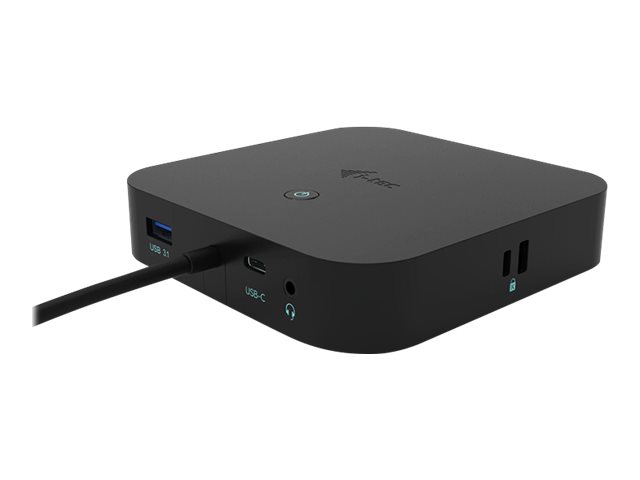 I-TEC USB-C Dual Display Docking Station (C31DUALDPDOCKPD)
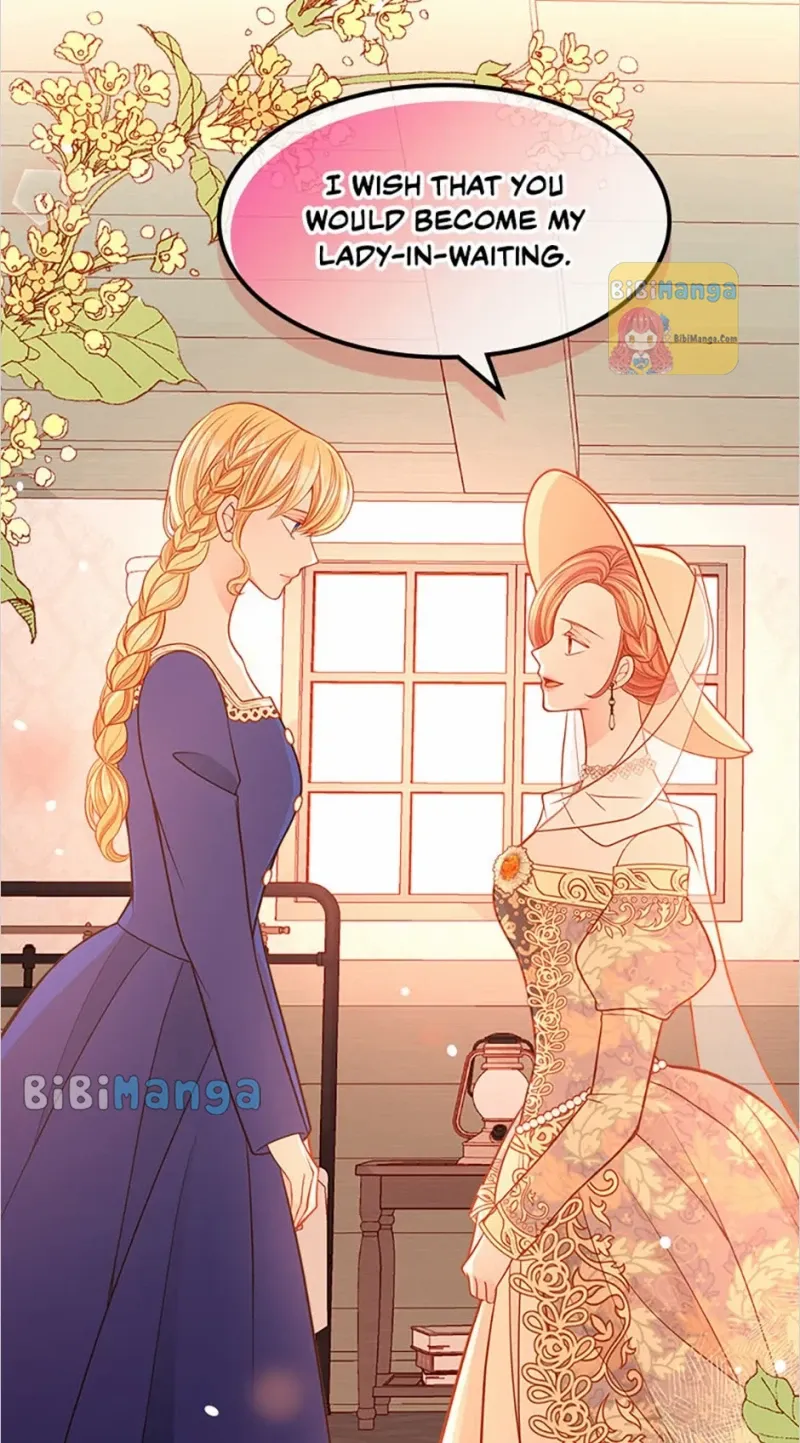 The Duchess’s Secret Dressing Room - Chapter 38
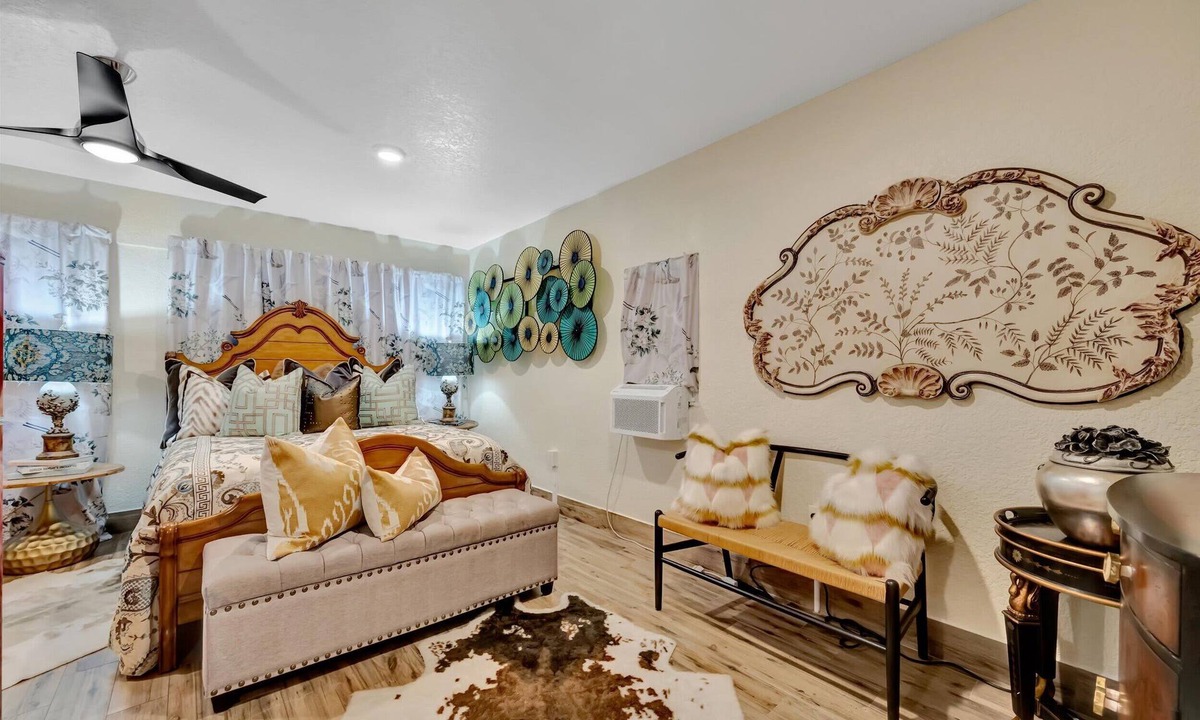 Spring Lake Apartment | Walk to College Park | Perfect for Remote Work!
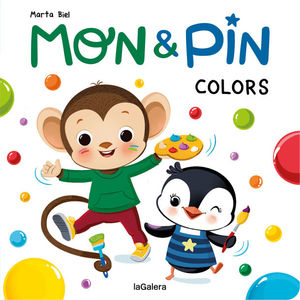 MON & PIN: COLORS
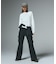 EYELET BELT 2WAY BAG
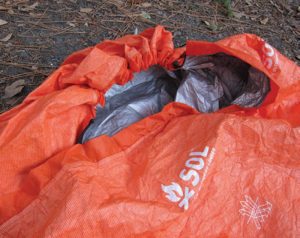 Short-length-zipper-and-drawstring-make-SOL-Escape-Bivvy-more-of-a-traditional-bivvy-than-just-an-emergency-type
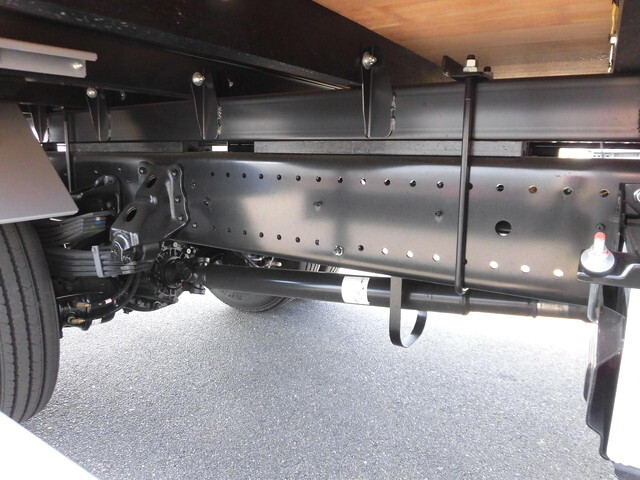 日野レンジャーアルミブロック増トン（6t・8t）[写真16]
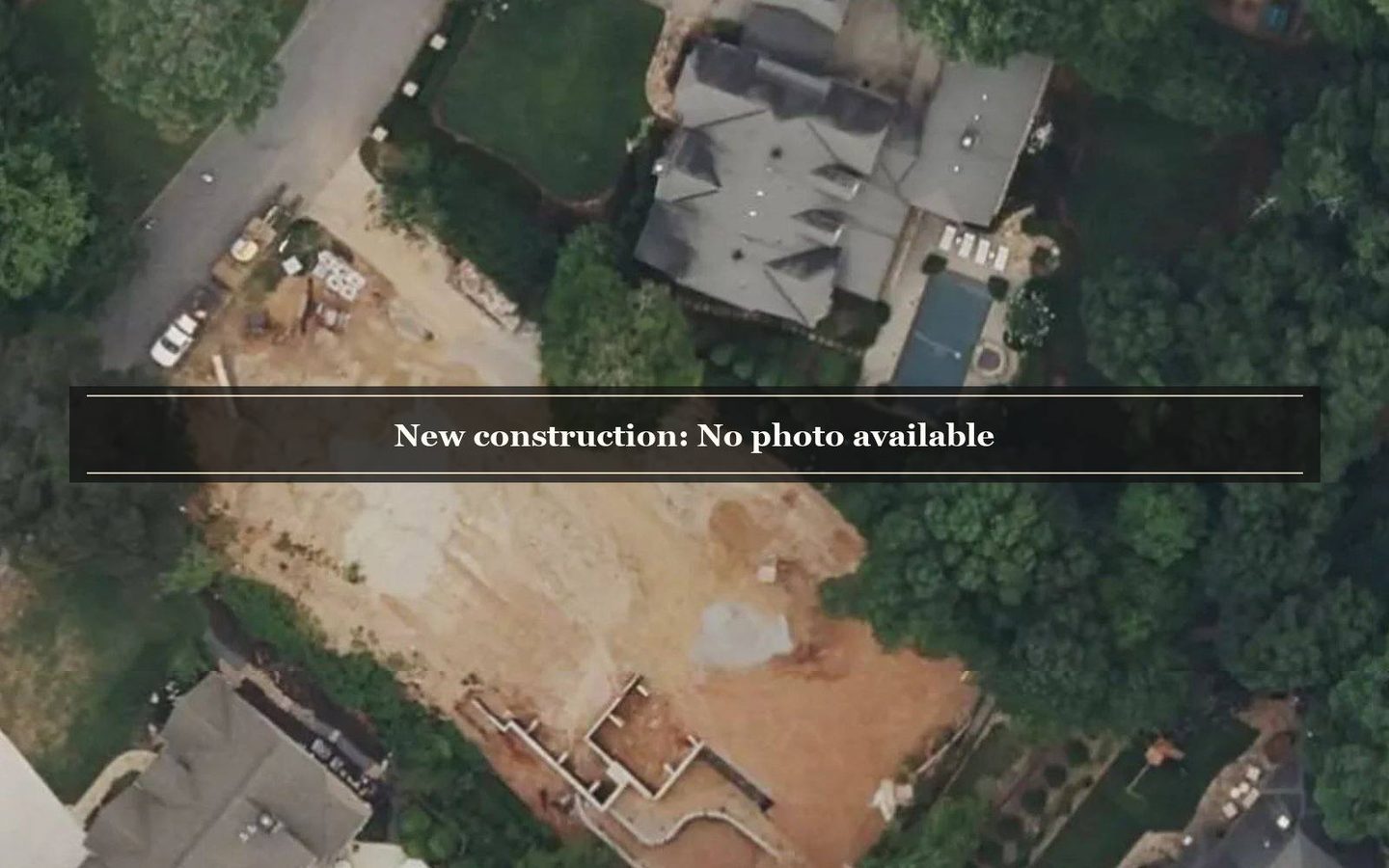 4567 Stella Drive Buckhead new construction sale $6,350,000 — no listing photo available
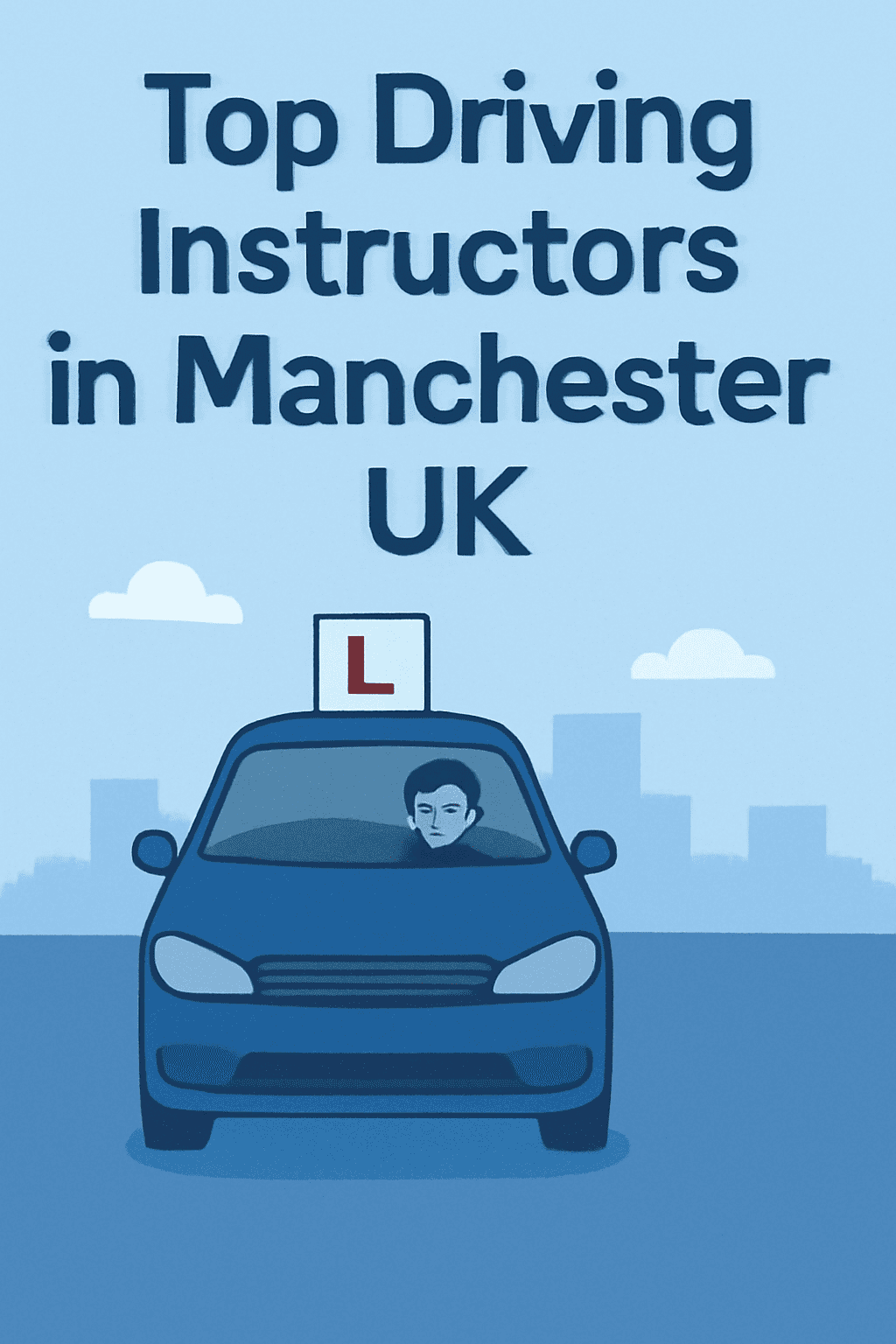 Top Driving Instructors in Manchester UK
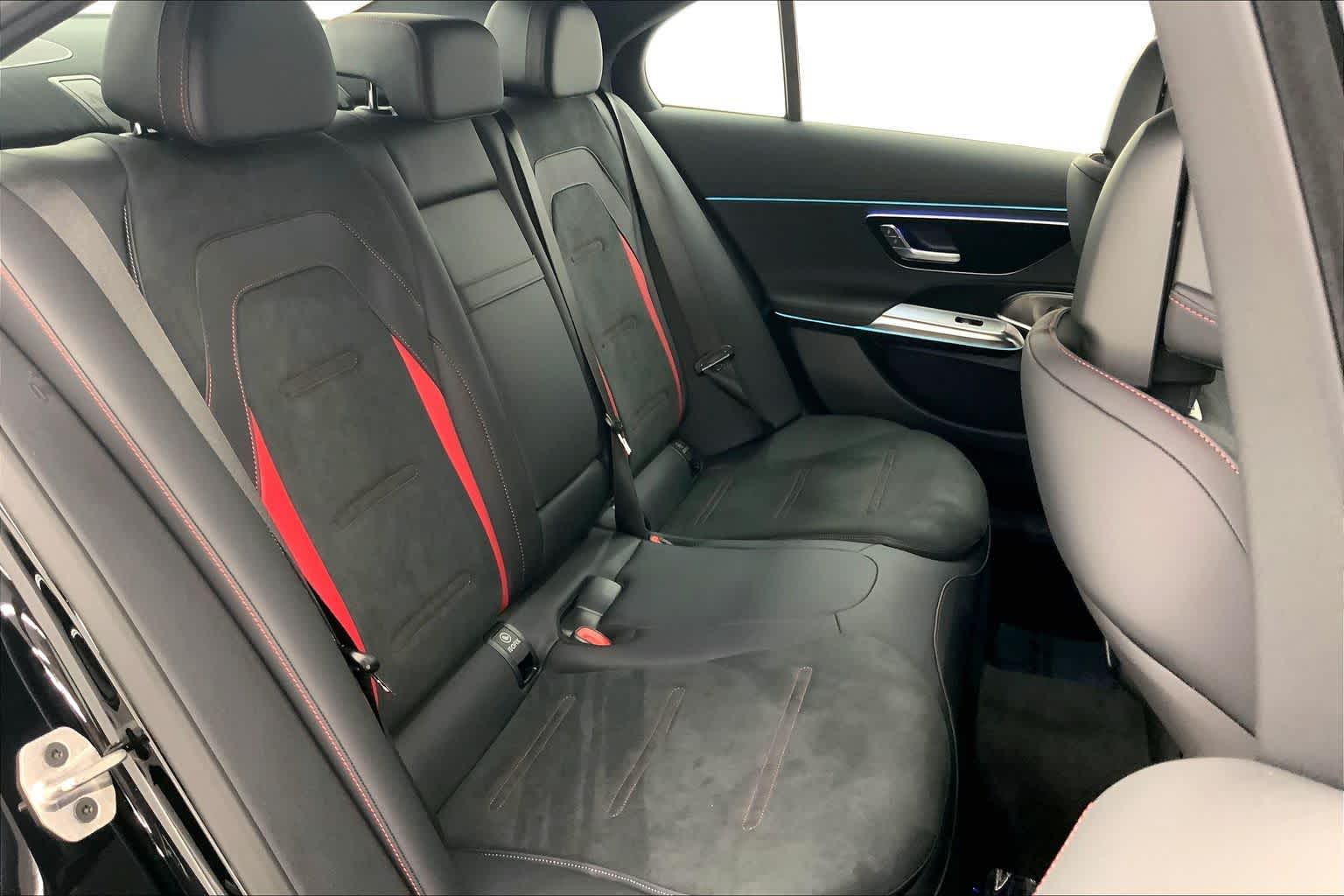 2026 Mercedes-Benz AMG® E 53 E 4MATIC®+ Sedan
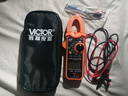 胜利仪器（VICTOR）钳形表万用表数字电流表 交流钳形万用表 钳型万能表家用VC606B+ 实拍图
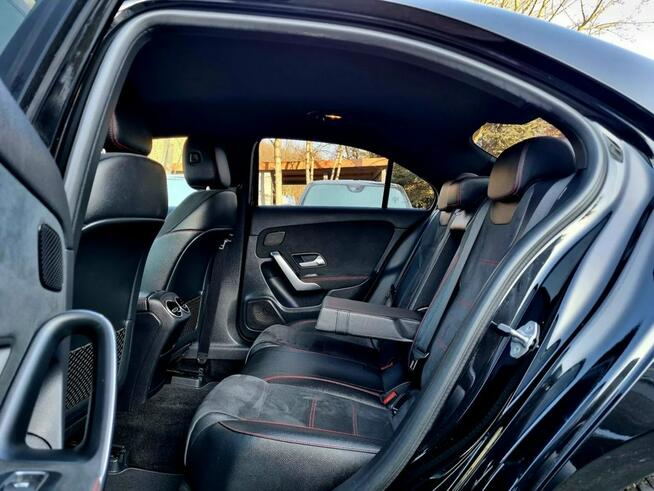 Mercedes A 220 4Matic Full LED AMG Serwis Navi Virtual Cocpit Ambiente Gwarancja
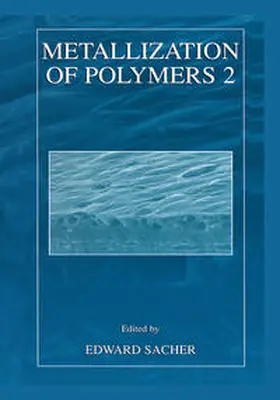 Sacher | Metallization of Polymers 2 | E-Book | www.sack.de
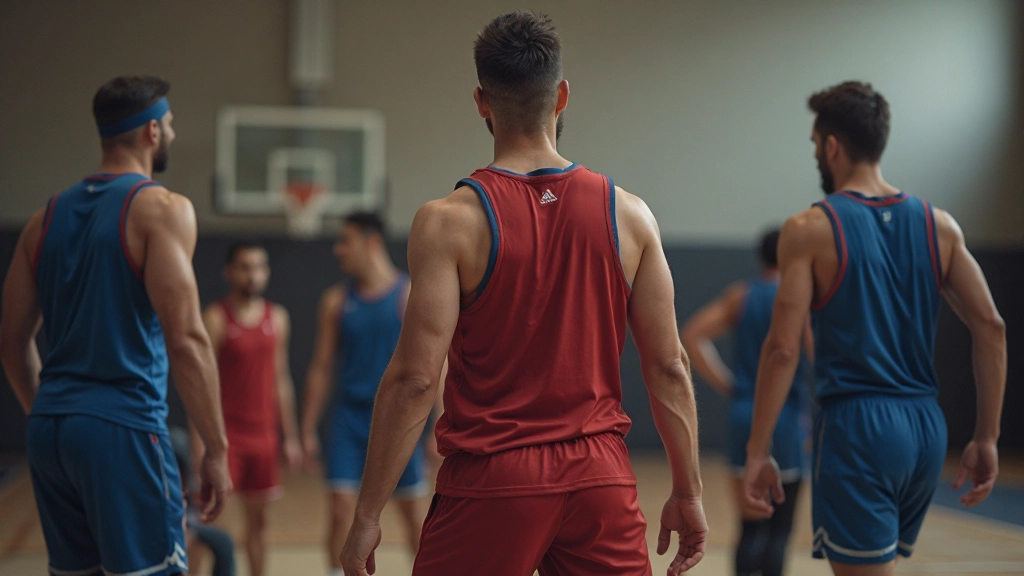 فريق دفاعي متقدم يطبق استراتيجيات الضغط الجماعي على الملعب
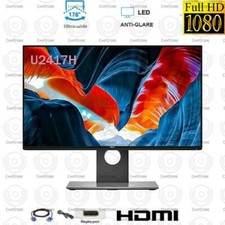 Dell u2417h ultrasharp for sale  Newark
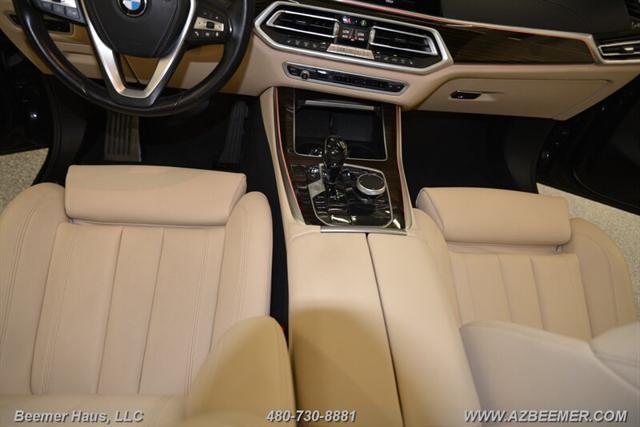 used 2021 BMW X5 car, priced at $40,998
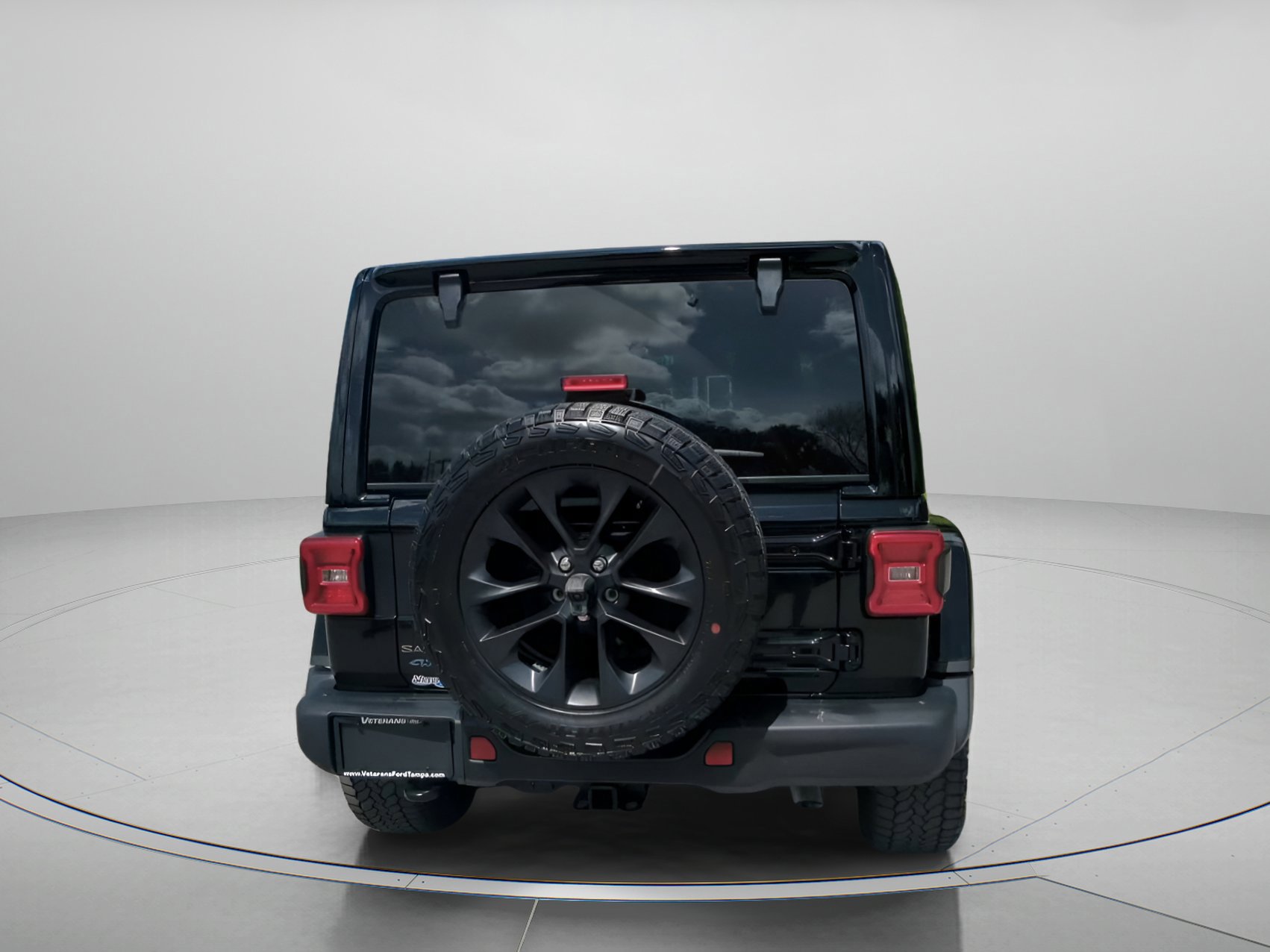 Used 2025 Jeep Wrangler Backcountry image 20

══════

- [Task objective]:
What is needed is an exact copy of the data, without any pictures.

- [Final answer]:
 I-TEC USB-C Dual Display Docking Station (C31DUALDPDOCKPD)
 The Duchess’s Secret Dressing Room - Chapter 38
 Spring Lake Apartment | Walk to College Park | Perfect for Remote Work!
 MON & PIN: COLORS
 EYELET BELT 2WAY BAG
 Short-length-zipper-and-drawstring-make-SOL-Escape-Bivvy-more-of-a-traditional-bivvy-than-just-an-emergency-type
 日野レンジャーアルミブロック増トン（6t・8t）[写真16]
 4567 Stella Drive Buckhead new construction sale $6,350,000 — no listing photo available
 Top Driving Instructors in Manchester UK
 2026 Mercedes-Benz AMG® E 53 E 4MATIC®+ Sedan
 胜利仪器（VICTOR）钳形表万用表数字电流表 交流钳形万用表 钳型万能表家用VC606B+ 实拍图
 Mercedes A 220 4Matic Full LED AMG Serwis Navi Virtual Cocpit Ambiente Gwarancja
 Sacher | Metallization of Polymers 2 | E-Book | www.sack.de
 فريق دفاعي متقدم يطبق استراتيجيات الضغط الجماعي على الملعب
 Dell u2417h ultrasharp for sale  Newark
 used 2021 BMW X5 car, priced at $40,998
 Used 2025 Jeep Wrangler Backcountry image 20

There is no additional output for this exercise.